Fences takes place in the era of segregation in the United States, when many public spaces were only open to whites and closed-off to blacks. It also occurs at a time of a burgeoning black rights movement of the late 1950s and early 1960s. when such leaders as Martin Luther King and Rosa Parks would come to the fore and alter history with their courage, conviction, and leadership.

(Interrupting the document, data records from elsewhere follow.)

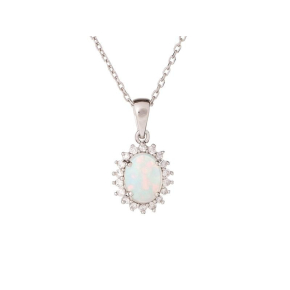 Anhänger mit Opal und Zirkonoxid, rhodiniertes Silber 925, 1,2+0,5 cm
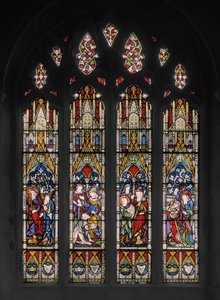 Dávid és Saul bibliai jelenetei, 1852 (ólomüveg) alkotó: Augustus Welby Northmore Pugin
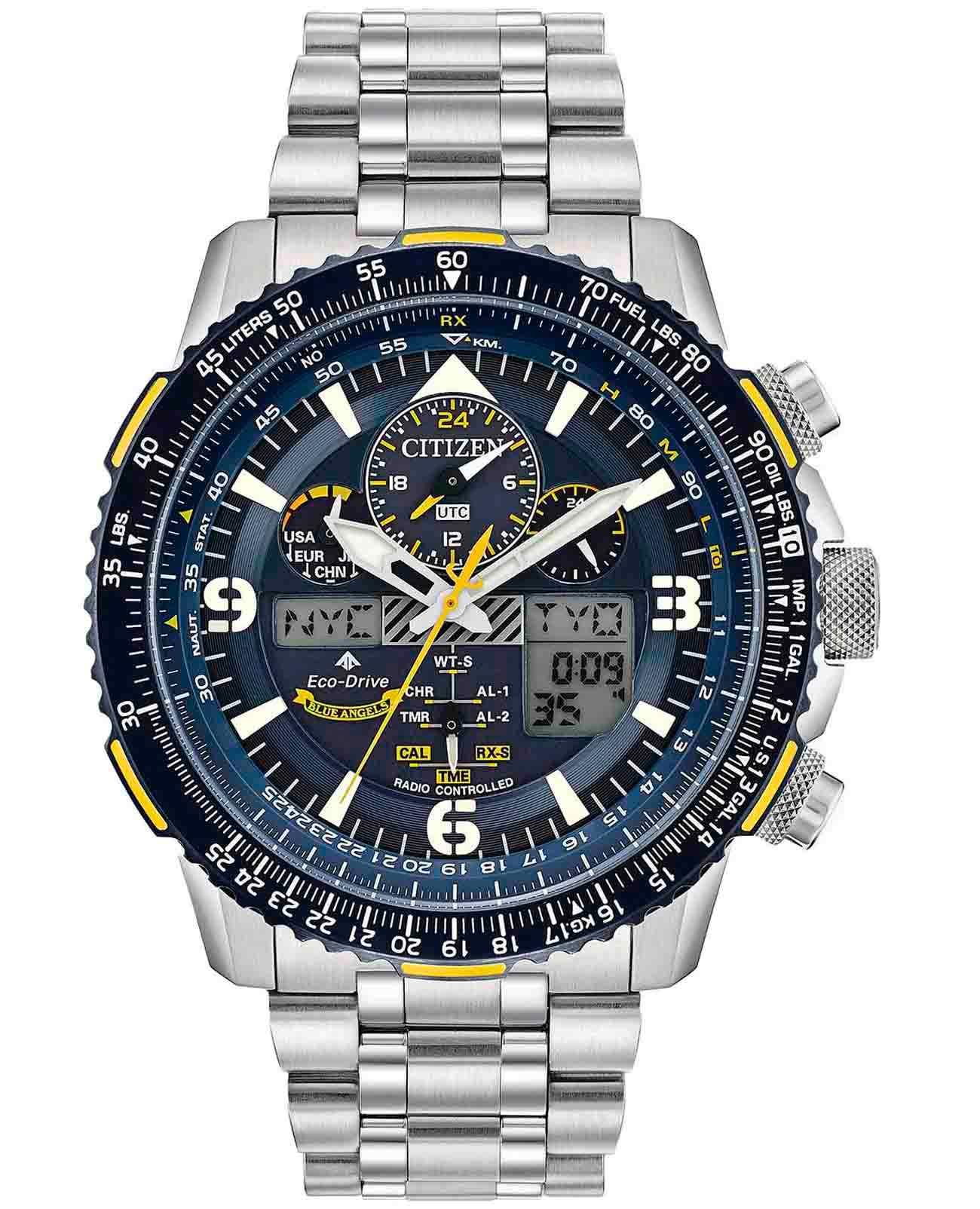 Citizen Citizen Promaster JY8078-52L  JY8078-52L кварцевые мужские часы синий циферблат, браслет нержавеющая сталь — вид спереди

Other Books Related to Fences

Wilson’s wrote (out of his sixteen plays in total) nine other plays which, grouped with Fences, constitute what’s called his Pittsburgh or Century Cycle—all of which deal with themes of duty, honor, betrayal, and love with an aim at raising consciousness about and empathy towards black experience in the United States.
Key Facts about Fences
  • Full Title: Fences
  • When Written: 1983-1987
  • Where Written: United States
  • When Published: June 1986
  • Literary Period: Black Urban Realism
  • Genre: Tragic Comedy, Drama
  • Setting: Pittsburgh’s Hill District in the 1950s
  • Climax: The climax of Fences occurs when Cory tries to fight Troy with a baseball bat, enraged at the way his father has always treated him and at his betrayal of his mother, Rose.
  • Antagonist: While none of the characters in-themselves embody an antagonist, Troy’s fictional, personified figure of “Mr. Death” is something of a personal enemy to him, making the abstract, impersonal force of death into something more intimately meaningful.
  • Point of View: Theater

Extra Credit for Fences

Autobiography. August Wilson wrote a one-man play called How I Learned What I Learned, which follows his own life as a young writer, exploring his struggles and the influences he drew from the Hill District of Pittsburgh.

Big Screen, Big Stars. Fences was made into an award-winning 2016 film starring Denzel Washington and Viola Davis. Wilson died in 2005, but finished a draft of the screenplay before his death.